Figure 1.
Genetic organization of the Burkholderia cenocepacia J2315 bce-II gene cluster, and alignment of amino acid sequences of the B. cenocepacia J2315 BceN protein (CAR54861) with GMDs from B. cepacia IST408 (JN987864), P. aeruginosa (AAG08838), A. thermoaerophilus (AAS55711) and E. coli (AAC77842).
Upper part: Schematic representation of the bceII gene cluster evidencing the bceN gene in black. Lower part: Sequence alignment of the indicated GMDs, evidencing the Wierenga motif and the catalytic triad typical of the short-chain dehydrogenases/reductases (SDR) family of proteins (highlighted in light grey). The specific GMD motifs are highlighted in dark grey. Asterisks indicate identical amino acid residues. One or two dots indicate semi-conserved or conserved substitutions, respectively. The predicted secondary structure of B. cenocepacia J2315 and B. cepacia IST408 BceN proteins is shown above the alignment segments, where cylinders represent α-helices and arrows represent β-sheets. Alignments and the secondary structure predictions were performed with CLUSTAL X2 and the PSIPRED software, respectively. Genes bceM to bceU putatively encode GDP-D-rhamnose reductase (bceM), GDP-D-mannose dehydratase (bceN), acyltransferase (bceO), unknown (bceP), repeat unit flippase (bceQ), glycosyltransferase (bceR), acyltransferase (bceS), UDP-glucose pyrophosphorylase (bceT), acyltransferase (bceU).
Figure 2.
(A) SDS-PAGE analysis of the 6×His-tagged BceN from B. cenocepacia J2315 by E. coli BL21 (DE3). Lanes from left panel: t0, total soluble proteins from E. coli BL21 (DE3) with plasmid pJRF4 before induction with IPTG; t2, total soluble proteins from E. coli BL21 (DE3) with plasmid pJRF4 after 2 hours of induction with IPTG; A–D, 6×His-tagged BceN protein eluted from Ni2+-NTA affinity chromatography column with increasing concentrations of imidazole. Lanes from right panel (Western-blot): 1, BSA used as negative control; 2, purified 6×His-tagged BceN protein from B. cenocepacia J2315. The monoclonal anti-polyhistidine antibody conjugated with peroxidase (Sigma-Aldrich) was used in the Western-blot. (B) Discontinuous native PAGE analysis of 6×His-tagged BceN. Lanes: M1, BSA; M2, ovalbumin; M3, aldolase; M4, catalase; A–B, purified 6×His-tagged BceN from B. cenocepacia J2315 with no GMD activity; C, purified 6×His-tagged BceN from B. cenocepacia J2315 with GMD activity. The analysis of the discontinuous native PAGE showed a predominant band with approximately 162 kDa compatible with a tetrameric form of the protein. Trimeric, dimeric and monomeric forms are also visible. (C) Structural models of the BceN of B. cenocepacia J2315 and GMD from P. aeruginosa PAO1 (PDB ID: 1RPN). Graphics were generated using the RasWin Molecular Graphics (Windows Version 2.7.5).
Figure 3.
NMR spectroscopy studies of the 6×His-tagged BceN-catalysed reaction.

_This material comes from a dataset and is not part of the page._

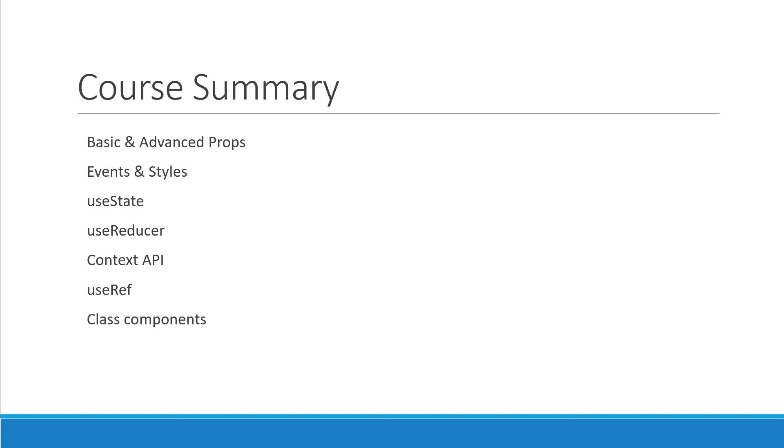We then moved on to some of the more advanced topics when it comes to React and TypeScript like passing a component as a prop, generic props, restricting props,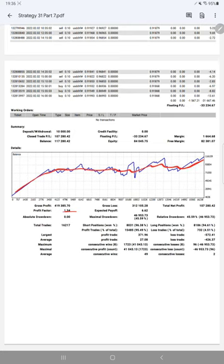Expected payoff is $6.62. Average profit and loss is $27,426, which means the risk-reward ratio will be 1 to 2.06.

(A) Conversion of GDP-D-mannose (compound A) into GDP-4-keto-6-deoxy-D-mannose keto form (compound B) and the gem-diol form of compound B (compound C). The anomeric protons in each molecule are marked as Ha. (B) HSQC spectra of the reaction mixture containing 5 mM of GDP-D-mannose, after 14 hours of incubation at 25°C. The anomeric protons and corresponding signals in HSQC are showed. (C) Time-course spectra of the 6×His-tagged BceN reaction mixture with 2 mM of GDP-D-mannose at 25°C, showing the peaks corresponding to GDP-D-mannose (A), GDP-4-keto-6-deoxy-D-mannose keto form (B), and the gem-diol form of compound B (C). (D) Michaelis-Menten plot of the initial rate of GDP-D-mannose consumption as determined by NMR.
Table 1.
Kinetics parameters for different bacterial GMD enzymes using GDP-D-mannose as substrate.
Figure 4.
Involvement of BceN in cepacian biosynthesis.
Comparison of the amount of cepacian produced by B. cepacia IST408 (black columns), B. cepacia JRF1 (white columns), B. multivorans ATCC17616 (dark grey columns), and B. multivorans (pJFR6) (light grey columns) in SARA liquid medium, after 24, 48 and 72 hours of incubation at 30°C and 37°C with orbital agitation. The P-value was determined with the Unpaired t test with Welch correction and are represented by * when P<0.01, ** when P<0.0001, *** when P<0.001.